Тогда же Буковски, вдохновленный стихами Уитмена, Джефферса, романом Джона Фанте "Спроси у Праха" и собственным (весьма небольшим к тому времени) опытом "low life" решил, что "поэзия есть самый короткий, приятный и убойный способ выразить то, что ему нужно." Постепенно обозначается круг интересов, точнее, предметов исследования - выпивка, женщины (желательно "легкого поведения", старше него и с каким-либо физическим или душевным изъяном), классическая музыка, ипподром - четыре столпа, на которых будет воздвигнута одна из самых радикальных литературно-биографических мифологий второй половины века.

Следующие пятнадцать лет Буковски пишет наряду с рассказами огромное количество стихов (вообще он всю жизнь писал много стихов - иногда по десятку в день) и рассылает их по журналам. "Он написал мне и попросил опубликовать его стихи, а иначе он, мол, покончит с собой, - говорил Джадсон Крюз, издатель из Нью-Мексико. "Я отказал ему и вернул стихи. Он явно не собирался этого делать..."

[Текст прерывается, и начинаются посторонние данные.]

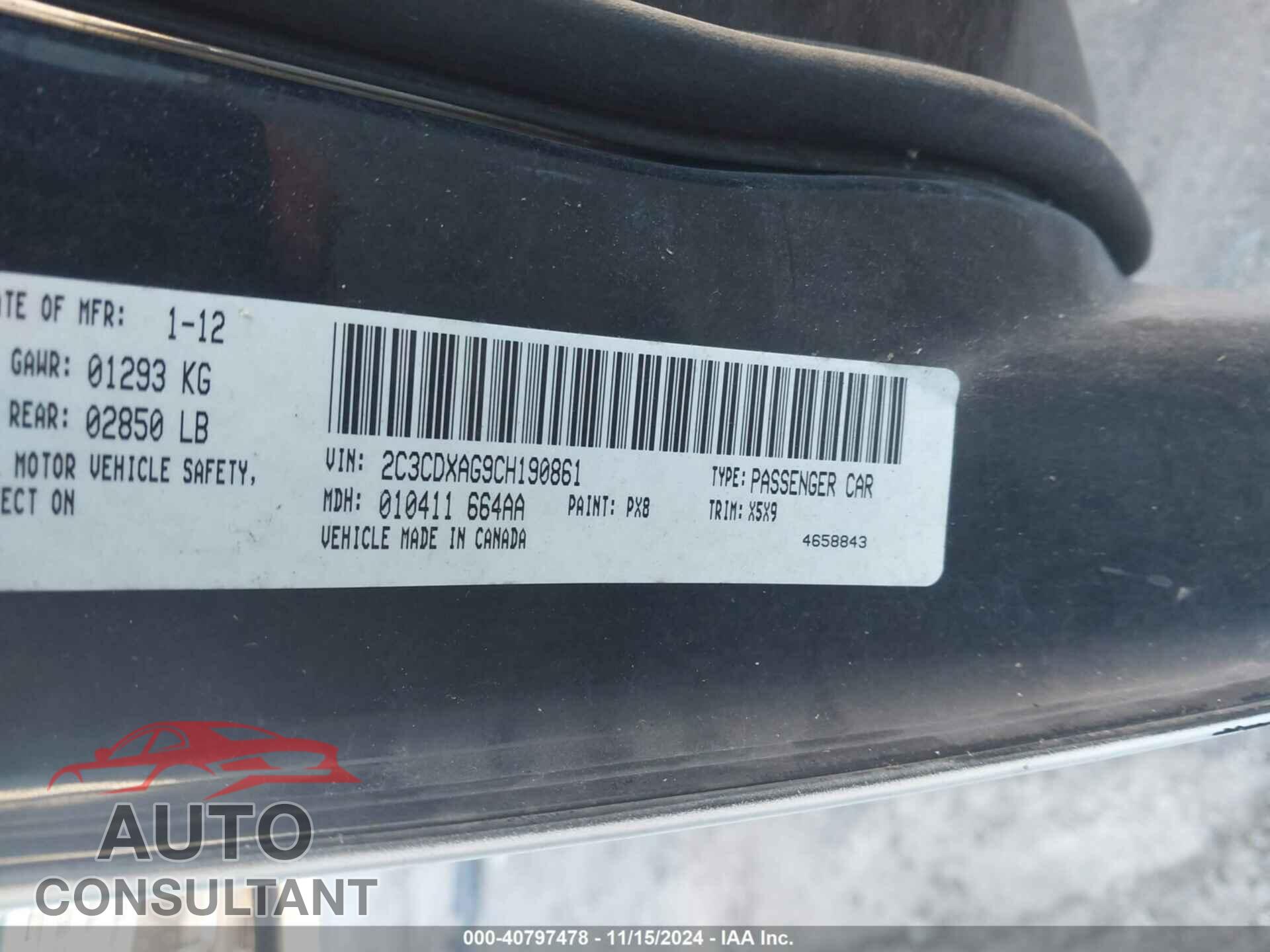 DODGE CHARGER 2012 - 2C3CDXAG9CH190861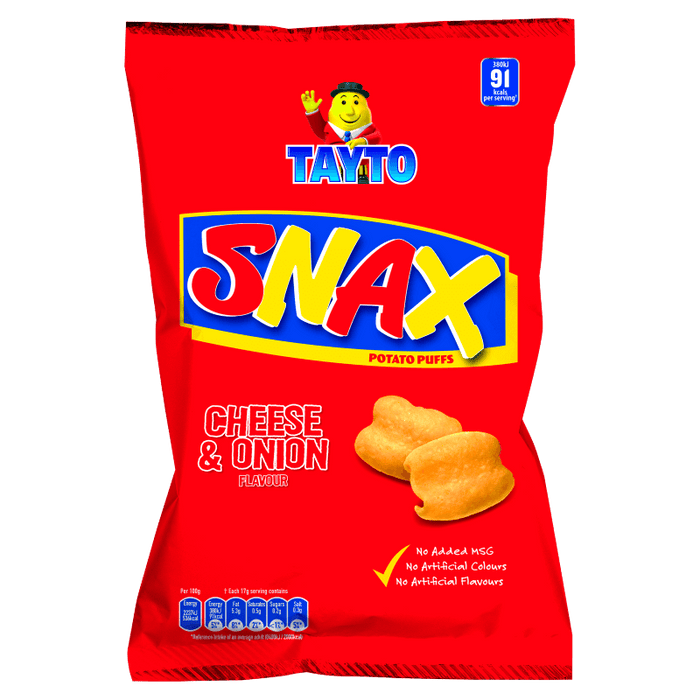 Red packet of Tayto Snax Cheese & Onion potato puffs on a white background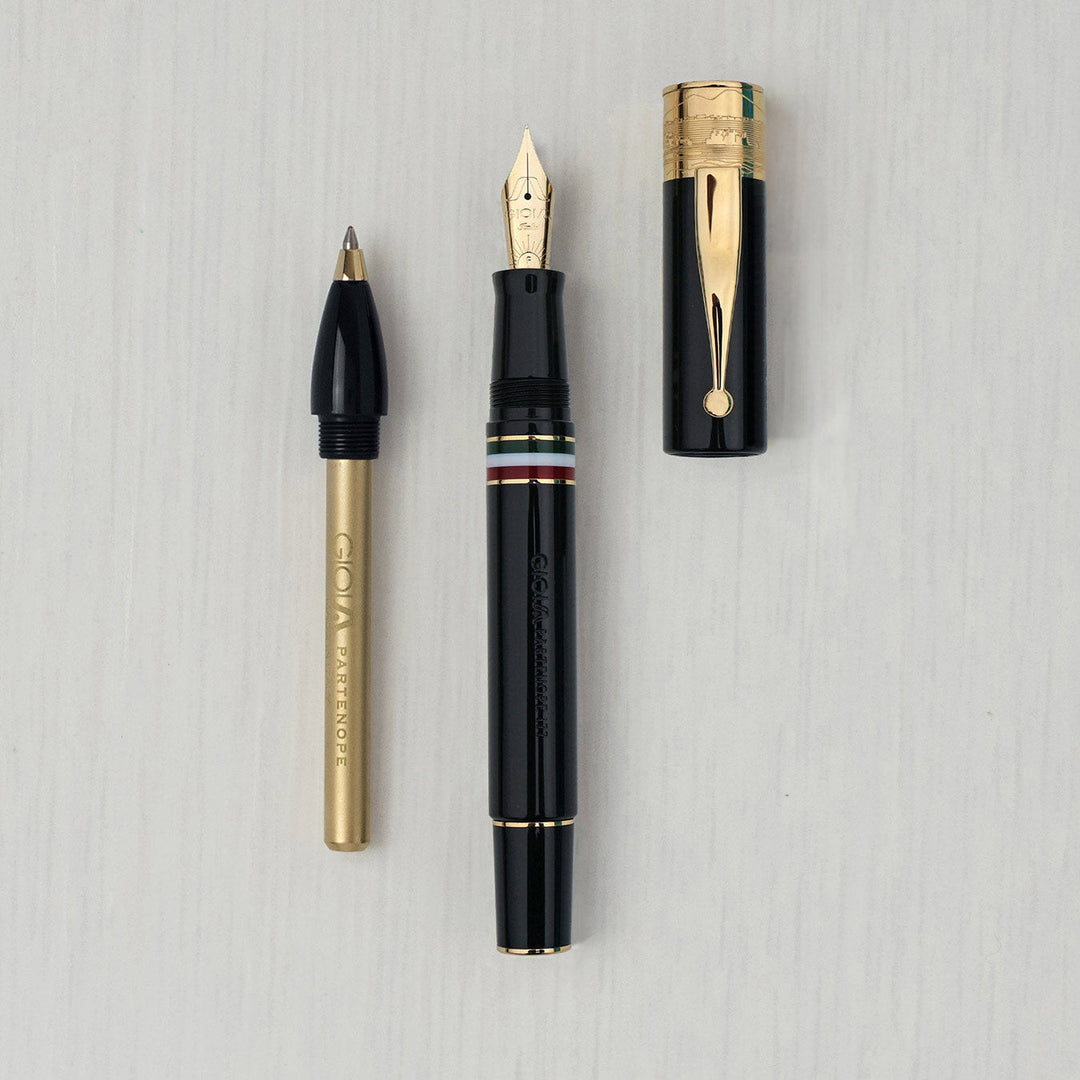Gioia | Fountain Pen &amp; Rollerball Pen | Partenope | Black | Gold Trims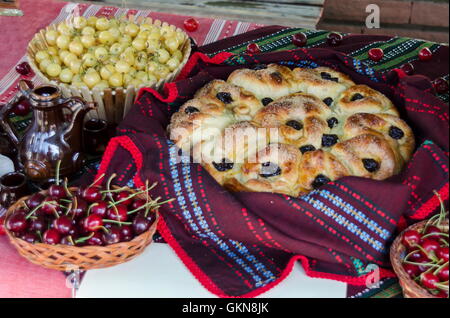 Feast of cherry fruit in the Kyustendil, presentment out their production raw fruit, tart and jam, Bulgaria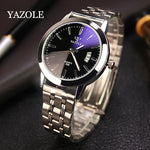 YAZOLE Luxury Brand Stainless Steel Analog Display Date Waterproof Men's Quartz Watch Business Watch Men Watch Relogio masculino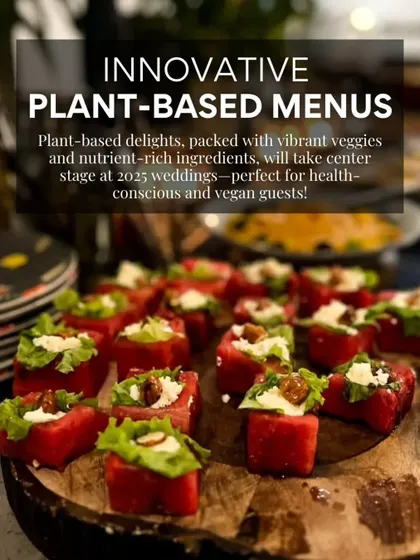 We are seeing a rise in demand for innovative plant-based menus. This graphic highlights our commitment to creating vibrant, nutrient-rich vegan dishes that take center stage at any event.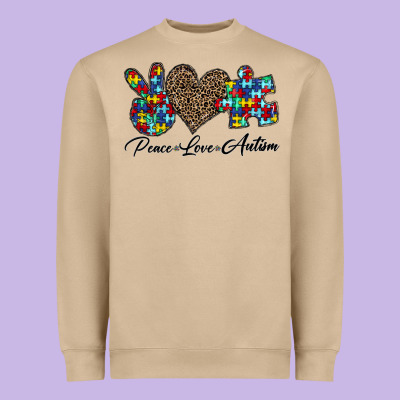 Peace Love Autism1 Heavyweight Sweatshirt Designed By Cowhidedigitalart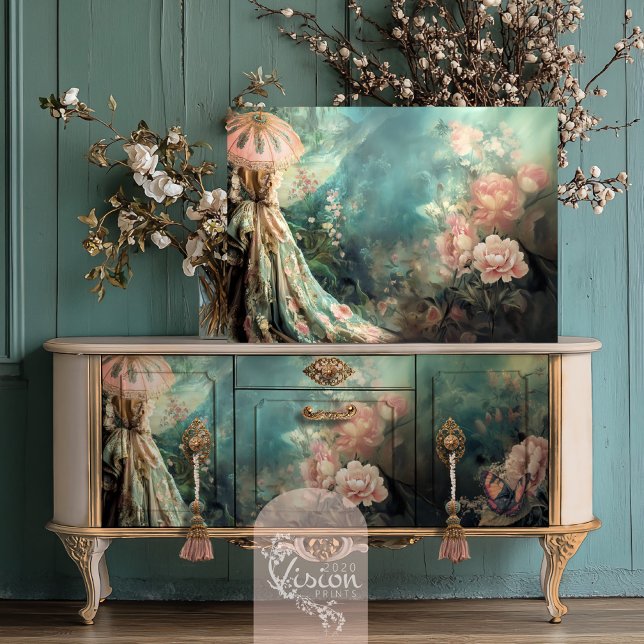 Papel De Seda Romance de jardín, retrato elegante, floral etérea (Garden Romance Elegant Parasol Portrait & Ethereal Peony Floral Furniture Decoupage 2020visionprints)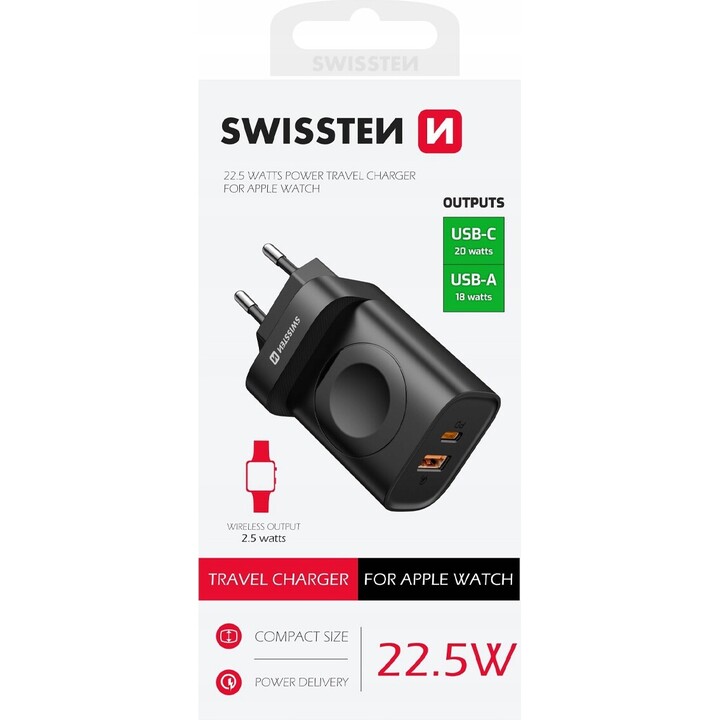 Chargeur de voyage 1Xusb-A, 1Xusb-C et Iwatch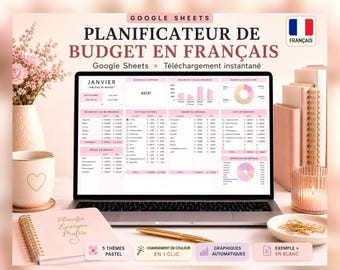 French Budget Planner Google Sheets Budget mensuel français, Monthly Budget Planner français, Monthly Budget Spreadsheet in French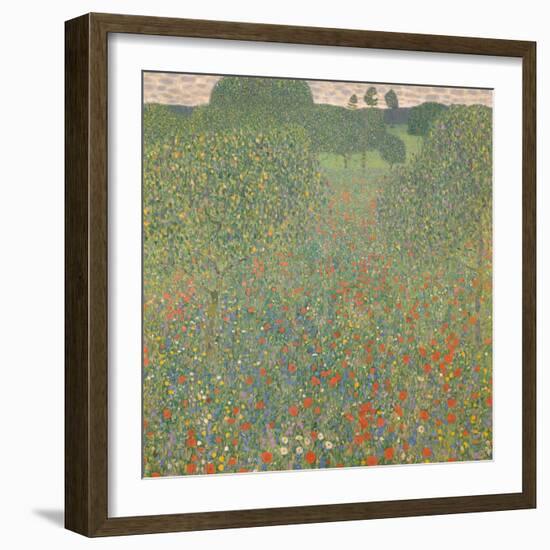 Meadow of Poppies, 1907-Gustav Klimt-Framed Giclee Print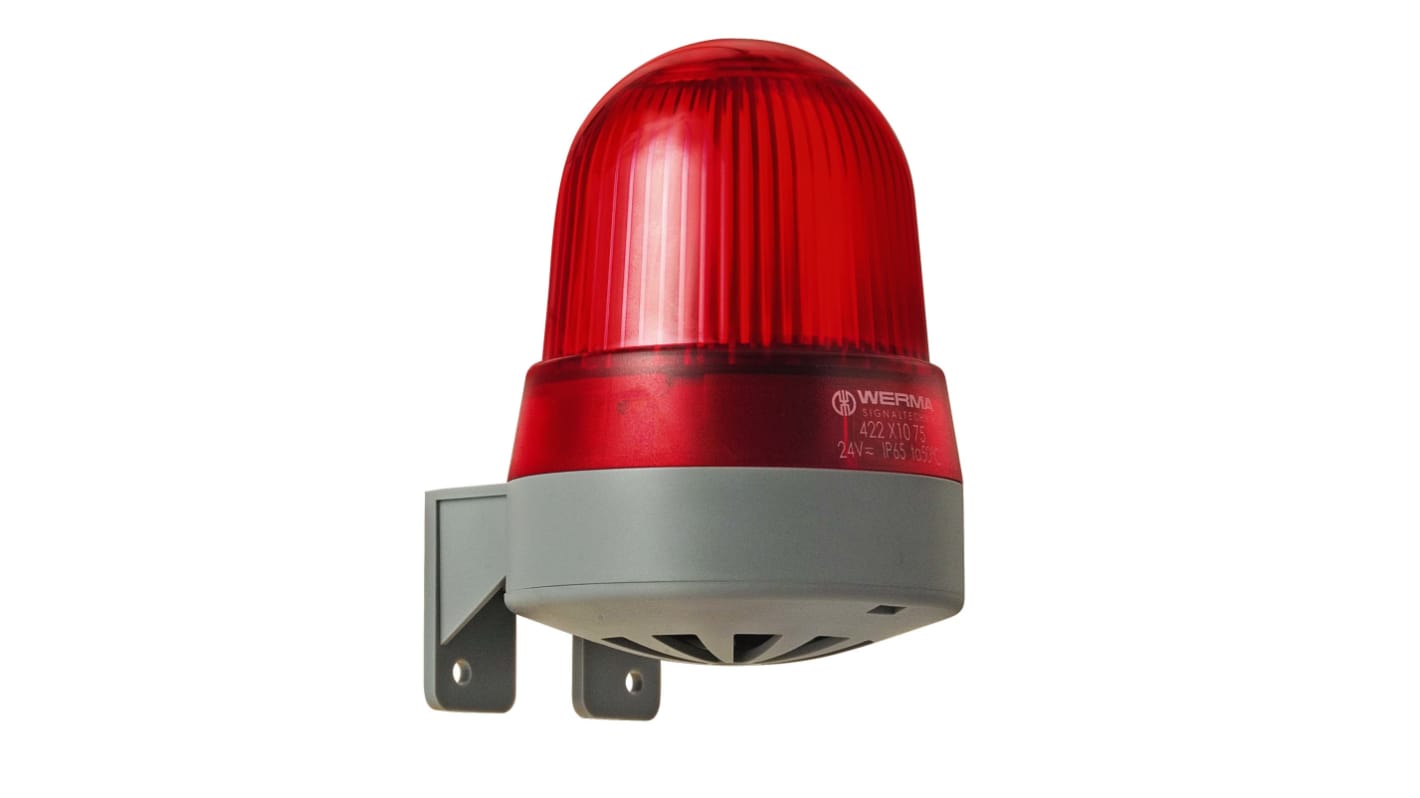 Werma 422 Series Red Sounder Beacon, 24 V, IP65, Wall Mount, 114dB at 1 Metre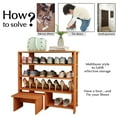 thumbnail image 4 of Shoe Rack Shoe Organizer Shlef w Footstool espresso finsish mdf wood storage shoe rack, 4 of 7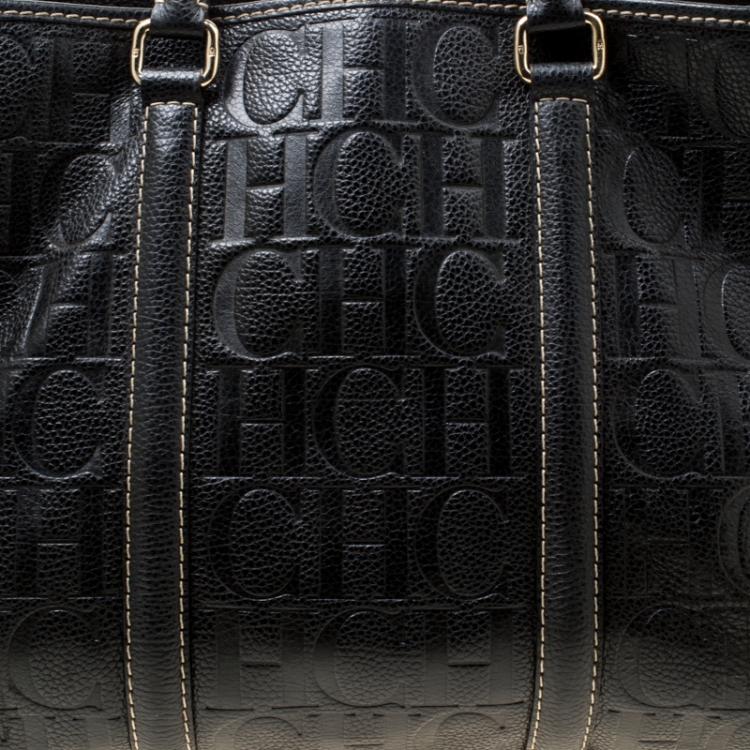 Pre Owned Carolina Herrera Black Monogram Leather Matteo Tote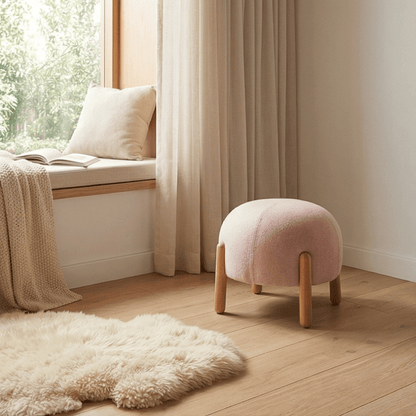 Multipurpose Ladybug Shaped Foot Stool With Wooden Leg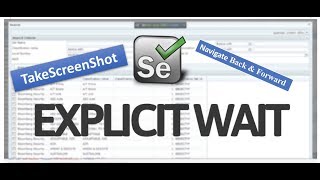 ExplicitWait Take Screenshot and Navigate Back amp Forward  Selenium WebDriver Session 7 [upl. by Aurita]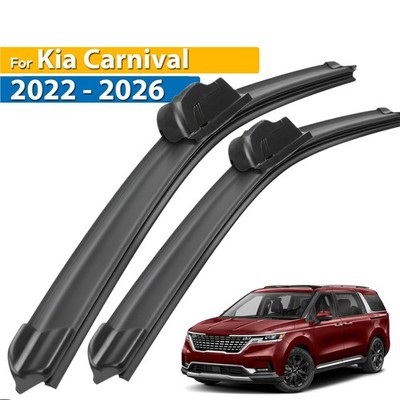 2Pcs Front Windshield Flat Wiper Blades Set For Kia Carnival 2022 - 2026 26'' 20''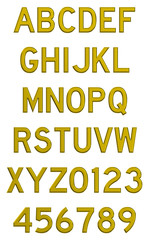 Shiny Gold Metal Font Alphabit Letters Isolated On White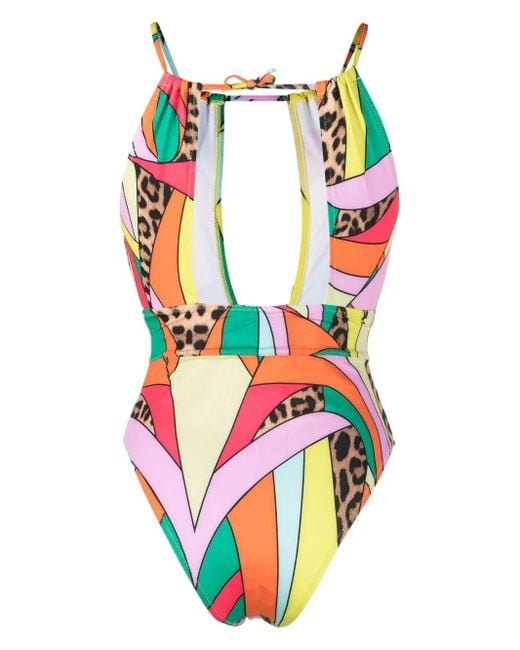 Philipp Plein White Patchwork-Print Monokini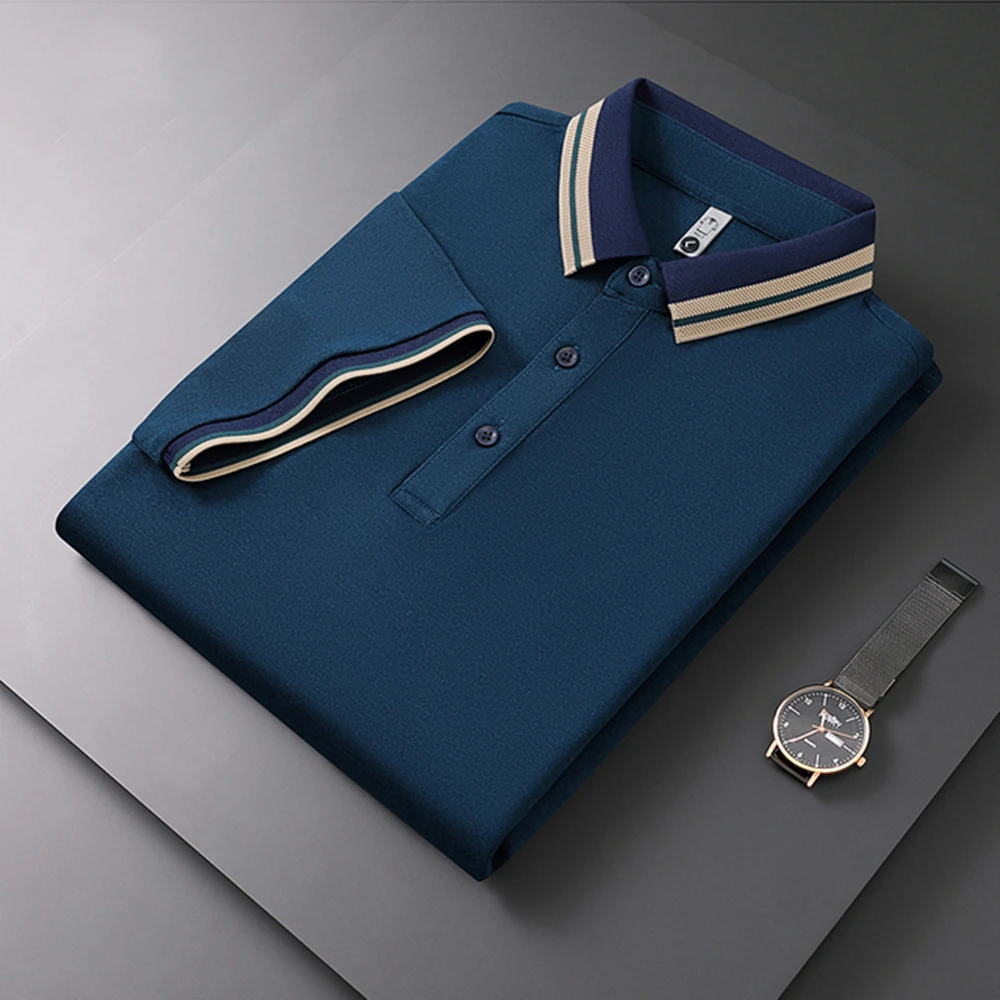 

2023 New Anti-wrinkle Skin Activating Polo Hot Selling Men's Polo Shirt Spring and Summer Business Casual Breathable Lapel Men's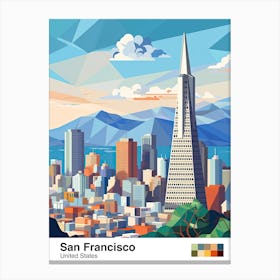 San Francisco, Usa, Geometric Illustration 3 Poster Canvas Print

В середине пятидесятых появляется Барбара Фрай, издатель журнала "Арлекин", "одинокая женщина с легким физическим дефектом (отсутствие двух шейных позвонков заодно с легким искривлением позвоночника, производившие впечатление постоянной сутулости)", не понимавшая, как может человек, публиковавшийся в одном журнале с Жан-Поль Сартром, бездельничать, сидя дома, за пивом и программой скачек. Она стала его второй женой - а первой была Джейн Куни Бейкер, "наполовину ирландка, наполовину индианка, брошенная родителями и воспитанная в монастыре". Позже выяснилось, что эта цветистая биография от и до изобретена Буковски, а Джейн, умершая в 1962 году и ставшая позже героиней многих рассказов, стихов Буковски и его романа "Почтовое Отделение", была "дочь преуспевающего врача из Сен-Луиса", "алкоголичка, порвавшая с семьей" и "фактически проститутка". Джейн Куни Бейкер была старше Буковски на восемь лет.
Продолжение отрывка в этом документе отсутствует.